**Records supplied**
- - -

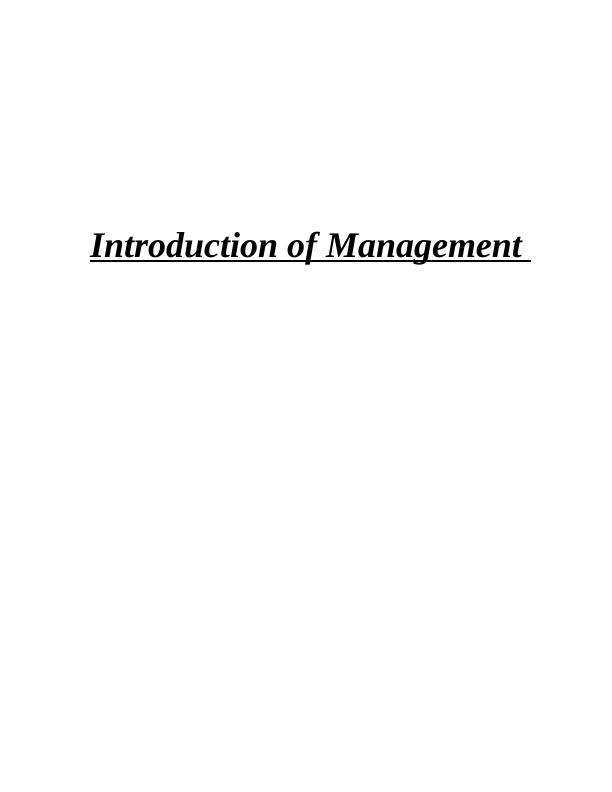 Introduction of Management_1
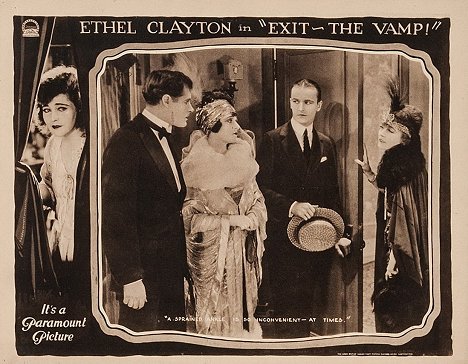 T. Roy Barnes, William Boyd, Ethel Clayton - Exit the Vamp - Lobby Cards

- - -

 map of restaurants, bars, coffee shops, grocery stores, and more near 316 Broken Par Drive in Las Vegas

- - -

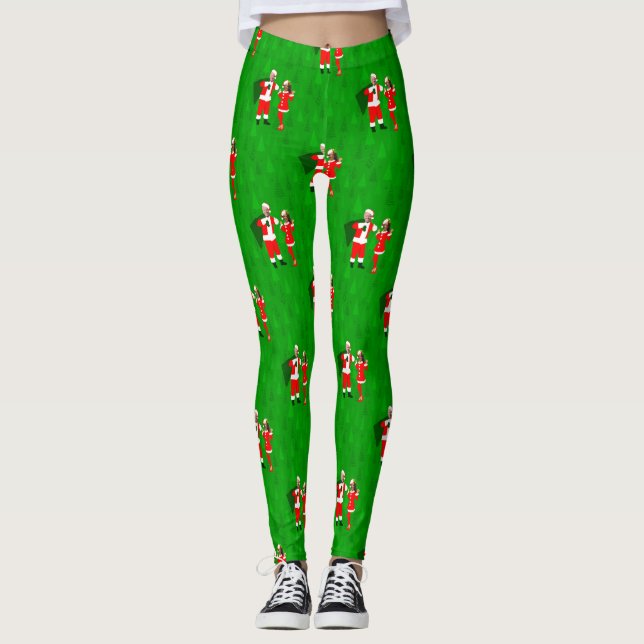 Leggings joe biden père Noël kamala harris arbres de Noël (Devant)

- - -

**Your instructions**
The stretch to restate runs from the line above containing "Introduction of Management_1" through the line containing "T. Roy Barnes, William". Copy it word for word, ends included, without pictures.

**Solution**
 Introduction of Management_1
 T. Roy Barnes, William Boyd, Ethel Clayton - Exit the Vamp - Lobby Cards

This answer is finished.